The New South Africa immediately assumed mythical status, functioning as a structuring,
legitimating narrative in the face of a history that carried with it the possibility of inter-racial
conflagration. Later, another myth emerged, that of the rainbow nation, together with a latter
day epic hero in the form of Nelson Mandela. Together with a third, less defined myth of the
freedoms promised by the new Constitution of 1996, these constitute a mythology of the New
South Africa.
Advertising played an important role in the propagation and interrogation of these myths.
Campaigns for an assortment of consumer goods and services tracked momentous shifts in
society, politics and culture, often with penetrating insight and incisive humour. Three
campaigns, for Castle Lager (beer), Vodacom (cellular network) and Castrol (motor oil), and
individual advertisements for Nando’s (fast food chicken), Sales House (retail clothing) and
South African Airways, are analysed. The material is approached using a hybrid methodology
of a structure that draws upon Fairclough’s (1989, 1995) Critical Discourse Analysis, while
analysing the texts themselves using an approach most closely allied to the social semiotics of
Barthes (1972). Using this approach, it can be seen, for example, how the Castle Lager
‘Friendship’ campaign is perhaps the most sustained articulation of the ideals embodied in the
New South Africa and particularly the myth of the rainbow nation. In contrast, an analysis of
the Vodacom ‘Yebo Gogo’ campaign reveals that even at its most dominant, the mythology of
the New South Africa was being undermined by prototypical myths that would consolidate
under the heading of the African renaissance.
An overview of all of the campaigns analysed in this thesis point to the existence of three types
of approach to advertising the nation, namely, incantatory, novelistic and identificatory.
Incantatory advertising reproduces dominant national myths without questioning them; in
contrast, novelistic advertising interrogates the assumptions upon which such myths are based
even if it ultimately endorses them.

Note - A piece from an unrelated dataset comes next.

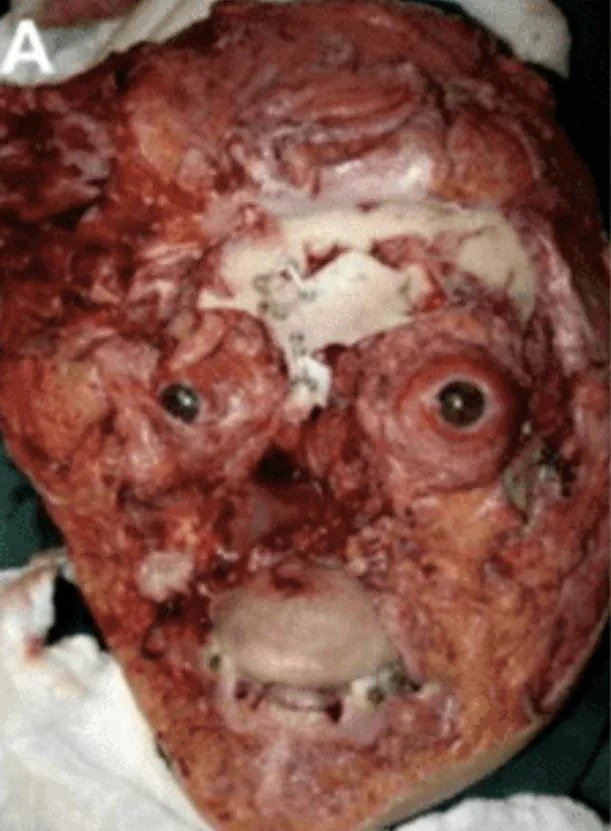 Face entirely reconstructed after accident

Identificatory advertising focuses on ‘typical’ examples of
what constitutes South Africanness, without any attached overt ideological agenda. Incantatory
advertising tends to emerge at important national anniversaries or international sporting events,
while identificatory advertising became more prominent as the mythology of the New South
Africa became less immediate. It is likely that advertising will continue to play a significant role
in the imagining of the South African nation.